El tercer elemento es la dimensión étnica de los disturbios. De ningún modo debe exagerarse, ya que en ellos intervienen gentes de todos los orígenes, credos y colores, pero no hay duda de que predominan las minorías: inmigrantes o ciudadanos de origen árabe en Francia y de las Indias Occidentales (negros), o a veces asiáticos (ante todo pakistaníes), en el R. Unido. La imagen que evocan estos disturbios no son las barricadas de mayo, la utopía de los hijos de la clase media, sino la intifada, la ira de los que no tienen nada que perder. Frente a Marx y su joven discípulo común Lukacs, y la creencia de ambos en el papel movilizador de la posición de clase, Max Weber ya señaló el muy superior potencial comunizador (de provocar una acción común) del grupo étnico (y también, por cierto, del estamento, término con el que designaba al grupo definido por una posición común en los ámbitos del prestigio y del consumo —lo que hoy sería claramente el caso de la infraclase suburbana). No cabe dudar que compartir un origen, un aspecto, una tradición cultural, otra lengua o una religión facilita la comunicación y, por tanto, la acción en común, y esto sólo pueden contrarrestarlo otra comunidad que la étnica, la ciudadanía compartida, o la fractura de la comunidad étnica (y territorial) por la clase. Lo primero es precisamente lo contrario a la retirada del estado social y la parcialidad del estado policial a que antes nos referíamos. Lo segundo requiere lago más de detalle.

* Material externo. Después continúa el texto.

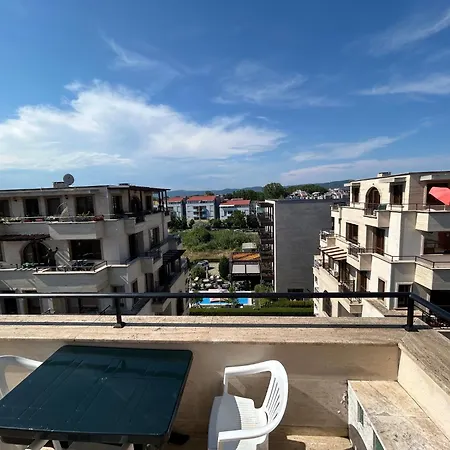 Amara Sunny 3* Sluneční pobřeží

Es un lugar común en el mundo académico inglés, y últimamente francés, hablar de una etnificación de las relaciones sociales. Resulta una idea acertada, por ejemplo, ante la dañina propensión de la policía o de los medios a señalar la adscripción étnica de los delincuentes si corresponde a una minoría, o de las ciencias sociales a interpretar los problemas propios del proceso de inmigración en sí mismo bajo un prisma étnico o cultural. Pero no debe impedirnos ver que lo único capaz de romper el potencial anti-sistema de la etnicidad de las minorías es lo contrario, lo que cabría llamar la desclasificación de las relaciones étnicas, pues, si ha de quebrarse la identidad etnia-clase, la etnoclase, habrá de ser más bien por el lado de la clase, que no es más que la relación del individuo con la producción y la economía pública, extradoméstica, que por el de la etnia, que se sitúa del lado de la reproducción y la vida privada, familiar. Y aquí es donde resulta patente el problema de la tradición republicana gala, en particular la insuficiencia de cualquier dosis de liberté, égalité, fraternité. La prensa norteamericana se ha complacido estos días en añadir irónicamente un cuarto término: la réalité, ilustrado con las fotos de los disturbios, y no le falta razón. El igualitarismo abstracto obstaculiza aquí la introducción de medidas de discriminación positiva que hagan posible lo que hasta el hiperliberalismo estadounidense ha comprendido que el mercado no tiene fuerza para hacer: crear una clase media en las minorías que sirva de estímulo y dé esperanza al esfuerzo individual, a la vez que facilite su integración en una sociedad abierta.